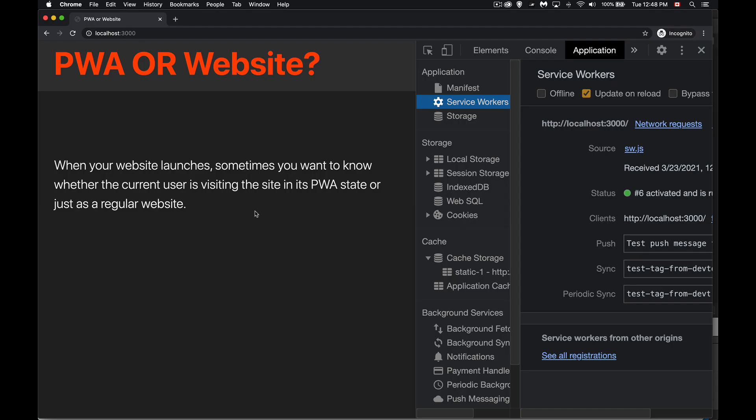Okay, next up in our discussion of PWAs, I want to talk about how you can figure out whether or not somebody is launching your web page as a website or as an installed PWA. What you do with that information is completely up to you. You can run some script, you can change some CSS, you can do all kinds of things.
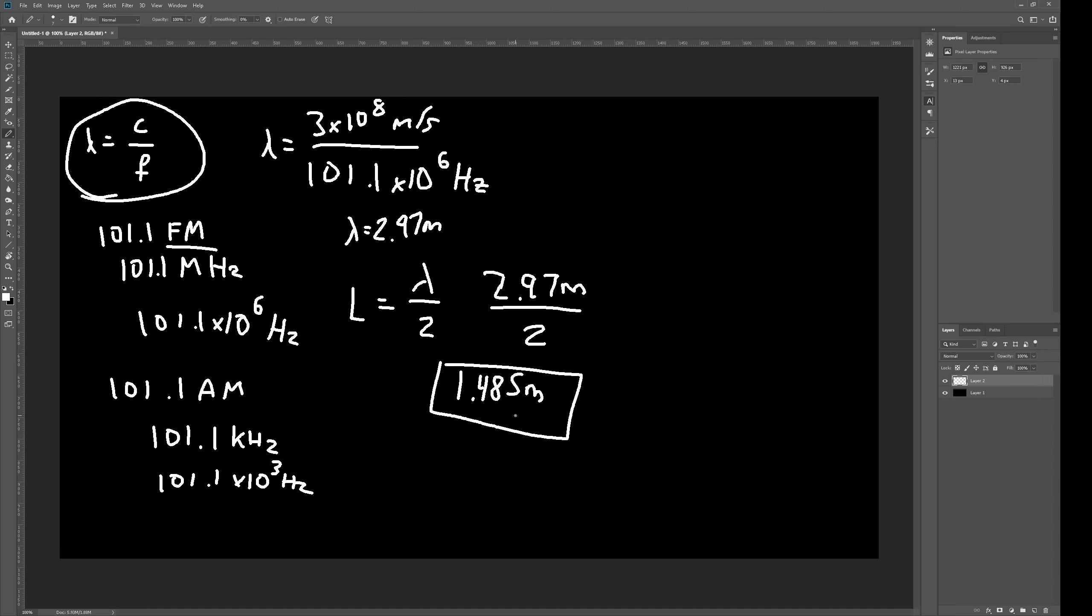And, that would be the length of a perfect antenna for your car, if you wanted to connect to a 101.1 FM radio station.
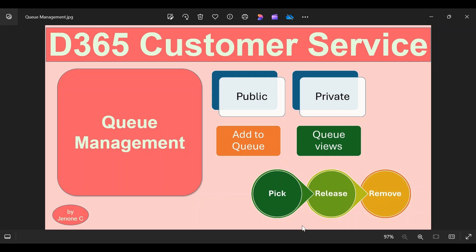Hello everyone, welcome back to this video series on Dynamics 365 Customer Service. In this video we are going to discuss queue management. We will see how to set up a queue, how to create queues, and how to use queues while effectively managing case records. We will also see the different types of queues, how to create a public queue, and how to create a private queue.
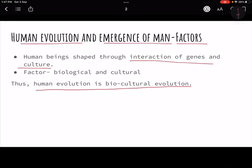Humans survived ice ages and warmer eras by strategizing — understanding animal behavior, which required brain development. To hunt large animals, they had to form groups, and coordinating in groups required language. Language is culture. Coordination is culture. Group behavior is culture. Erect posture and brain development are biology. Human evolution is both biological and cultural — never one alone.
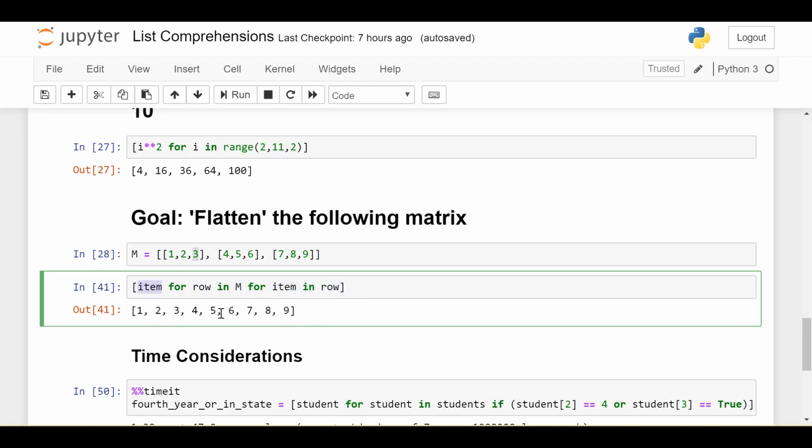I gave this example as something borderline—maybe just write a for loop instead, because it's not super easy to understand. Even if you understand it, if working with others, this may not be best for understanding. There's always tradeoffs. List comprehensions allow compact, sometimes faster code, but sometimes they're not as understandable. You need to make that call yourself.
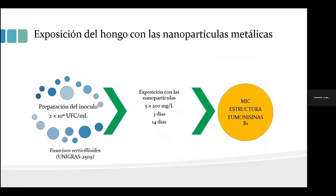Para evaluar el efecto de las nanopartículas metálicas sobre el hongo, se preparó un inóculo a una concentración de 2×10⁴ unidades formadoras de colonia, utilizándose una cepa de Fusarium verticiloides con clave Unigrass 2509, depositada en la unidad de investigación en granos y semillas, y que produce principalmente fumonicina B1. La exposición con las nanopartículas fue a concentraciones de 5 a 200 miligramos por litro. La concentración mínima inhibitoria se determinó por el método de microdilución en placas de 96 pozos, incubadas durante 3 días a 25°C.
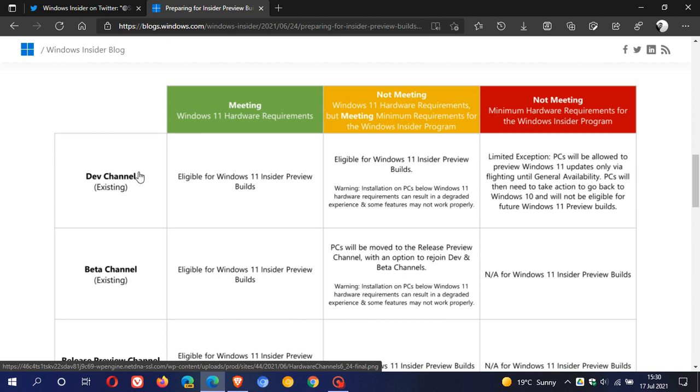The dev channel is the more unstable channel, and when you move to beta, it becomes more stable as we head towards the actual operating system being rolled out and released.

What the exercise asks: Repeat, word for word and with no pictures, only the lines running from the beginning of the data to the line that contains "And, that would".

Written response:
Okay, next up in our discussion of PWAs, I want to talk about how you can figure out whether or not somebody is launching your web page as a website or as an installed PWA. What you do with that information is completely up to you. You can run some script, you can change some CSS, you can do all kinds of things.
And, that would be the length of a perfect antenna for your car, if you wanted to connect to a 101.1 FM radio station.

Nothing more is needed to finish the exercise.